Since the demand for independence is primarily driven by demands for greater economic powers the first option for the Spanish government would be to try and “buy-out” a proportion of the electorate by offering a better funding model favourable to Catalunya. This is unlikely to happen. Neither of the two main Spanish parties, the Conservatives and the Socialists, have shown any serious interest in this option. Furthermore as the authors point out, the cost of “buying-out” Catalunya may be too high a cost for Spain in its current economic situation. The Spanish government is probably too dependent on the tax revenues coming from Catalunya to be able to afford to forego this in order to keep Catalunya in Spain. It is worth noting that it was the failure of a previous attempt to agree a new funding package that led to the current wave of pro-independence support.
If Spain cannot or will not offer Catalunya a new deal, then the referendum goes ahead. In this scenario there is likely to be a greater chance of a Yes vote for independence. In which case, according to the authors, the Spanish government would be forced to negotiate independence. At the moment the main deterrent used by the Spanish government is the claim that an independent Catalunya would not be internationally recognized and therefore excluded from the EU. However as the authors demonstrate this is a non-credible threat. The key point is that a newly independent Catalunya would have some powerful weapons at its disposal. The rest of the EU needs Catalunya as a transit space for much of its trade with Spain and North Africa. More importantly the threat of exclusion from the EU would be met by the threat of not accepting a share of Spain’s debt. This, plus the loss of Catalan tax revenues would put Spain in the perilous position of becoming bankrupt, seriously endangering the euro and the EU. Thus there would be enormous pressure from within Spain and from the rest of the EU for Spain and Catalunya to reach a swift agreement. An agreement based on full membership of the EU for Catalunya in return for the Catalans accepting a proportional share of Spain’s national debt.

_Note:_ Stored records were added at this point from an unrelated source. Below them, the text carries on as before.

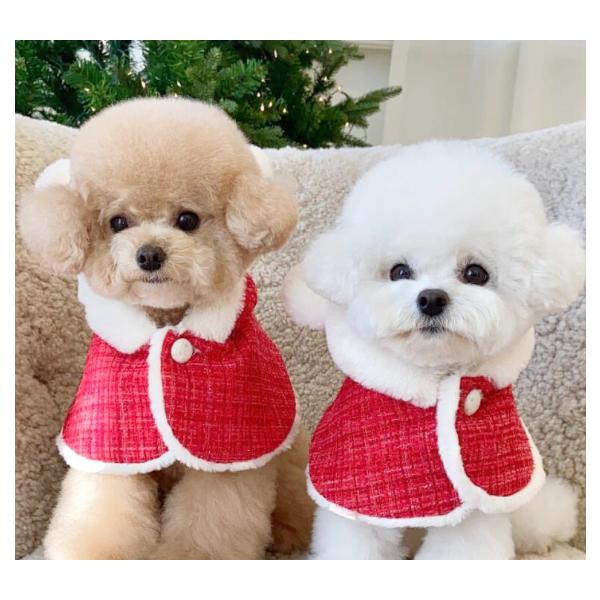 くま耳 マント 犬 犬服 ポンチョ コート 赤い 可愛い 犬の服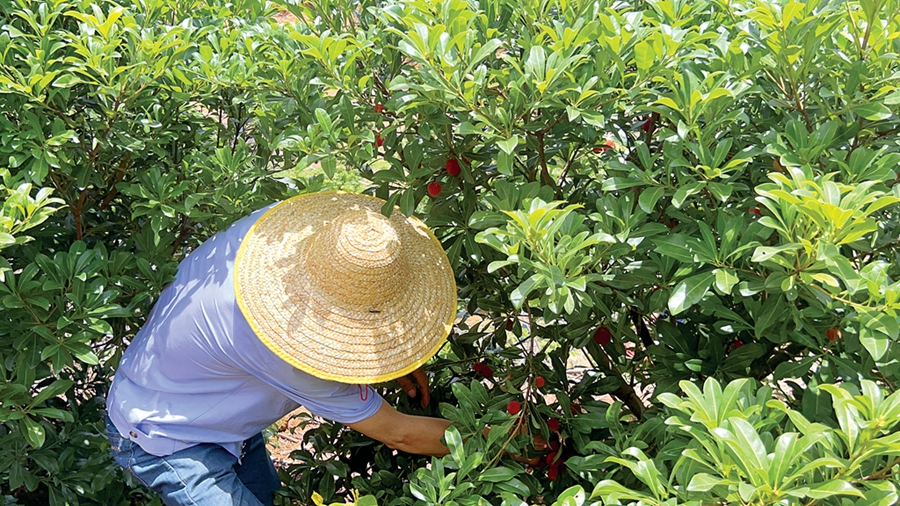 杨梅基地的杨梅熟了吗,广西博白种杨梅几年结果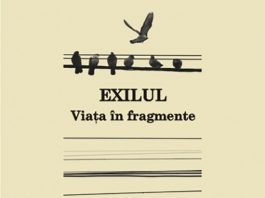 Gina Stoiciu, „Exilul: Viața în fragmente”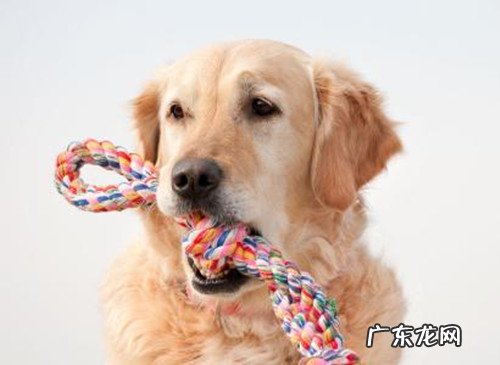 金毛狗狗反酸水吃啥中药材,金毛狗狗反酸水拉黑屎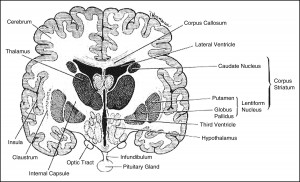 Coronal plane of brain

Could something similar happen in Scotland? As the UK is not in the eurozone, Scottish independence poses no threat to the euro. However the importance of the national debt is something that would be relevant in negotiations over Scottish independence. A recent paper on Scottish Independence and the UK’s Debt Burden from the National Institute of Economic and Social Research demonstrates that “in all cases, the UK’s debt to GDP ratio will rise, with possible consequences for its credit rating. At the same time, Scotland’s debt burden will be lower than the UK’s in all cases.” This is the scenario if Scotland becomes independent and agrees to take on a proportional share of the UK’s debt. Just imagine how bad it would be for the rUK if Scotland didn’t agree to this. Once again we have evidence that Scotland has some important cards to play in the event of negotiations.
In general terms while the UK may not be in quite as parlous a state as Spain, the future economic prospects for the UK are far from rosy. In fact one can argue that the UK needs Scotland more than Scotland needs the UK. The loss of tax revenues from Scotland, including from the North Sea, would in all likelihood seriously worsen the rUK’s debt and current account. This probably explains why none of the main UK parties have ever considered granting full fiscal powers to Scotland. Despite all the bluff and bluster coming out of Westminster, the rUK cannot afford the option of Devo-max. As in Spain the only choice is between the status-quo and independence. For more and more people the status-quo is becoming a very unattractive option. From now on the ball is firmly in the courts of London and Madrid. We await with interest to see if they come up with anything positive.